Y aquí, Corcuera se refirió a un patriota con el que España tiene contraída una deuda de gratitud que no termina de pagar:

¿Alguien recuerda el patrimonio que se le atribuyó al general Enrique Rodríguez Galindo? ¿Alguien recuerda la campaña mediática que se desplegó en España para tratar de llevar a la opinión pública la idea de que el general Rodríguez Galindo se había enriquecido con la lucha antiterrorista? (…) ¿Quién sabe que el único patrimonio que tiene el general Rodríguez Galindo es su casa, que está hipotecada y con una situación de embargo? Pero se hizo toda aquella campaña –que era mentira– para desacreditarle; porque había que desacreditarle. (…) Primero, socialmente, y luego, si era posible, utilizar algunas de las cosas que ocurrieron en España para implicarlo en ellas. Tengo que decir dos cosas: lo primero no es verdad, y lo segundo tampoco. Porque, aunque haya una verdad judicial, la sentencia que le condenó no dice la verdad. (…) Así, pues, en el caso del general Rodríguez Galindo y del coronel Ángel Vaquero, la sentencia que dictaron los jueces no se ajusta a la verdad.

Mercancías taradas

La historia, como hemos visto, y la experiencia, como la estamos viviendo, nos demuestran que la cruzada contra la corrupción, contra el mal, tiene, además de su filo justiciero, un segundo filo en el que se condensan las pasiones y los intereses de sus instigadores y sus ejecutores. Atento a esa realidad, Tzvetan Todorov escribió en Memoria del mal, tentación del bien (Península, 2002):

El mal no es una adición accidental a la historia de la humanidad, de la que podríamos librarnos fácilmente; está vinculado a nuestra propia identidad. Para apartarlo habría que cambiar de especie. (…) La búsqueda del bien, en la propia medida en que olvida a los hombres que deberían ser sus beneficiarios, se confunde con la práctica del mal. Los sufrimientos de los hombres, incluso, proceden más a menudo de la búsqueda del bien que de la del mal.

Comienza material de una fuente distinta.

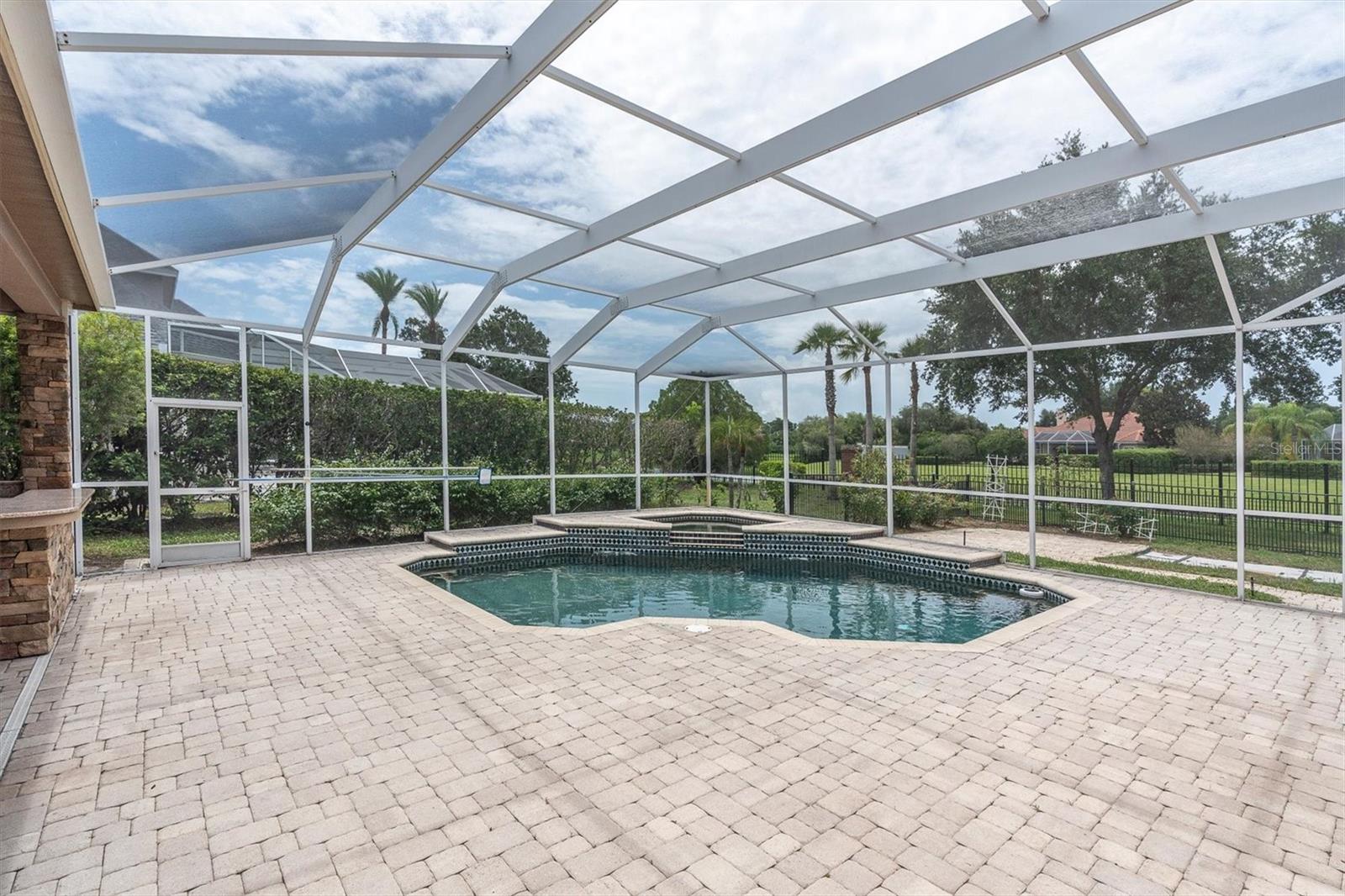 EAGLES COVE AT LAKE TARPON - Residential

Desde Savonarola hasta el Che Guevara, sin olvidar a sus imitadores, discípulos y secuaces, proliferaron los cruzados de la justicia y la igualdad que sembraron el mundo de cadáveres. En una escala mucho más modesta, asoman en España autoproclamados modelos de virtud cívica que se ensañan con aquellas instituciones que –como la Corona– todavía sostienen, precariamente, el andamiaje de nuestra sociedad abierta. Los demagogos pseudoizquierdistas, los antisistema nihilistas, los paleorrepublicanos irredentos, los secesionistas retrógrados, ofrecen sus mercancías taradas en el mostrador de la crisis. Sus pretendidas panaceas son veneno puro. Volviendo a Todorov:

Lo contrario del mal no es forzosamente un bien; puede ser otro mal.

O, para decirlo en el lenguaje del pueblo: Es peor el remedio que la enfermedad.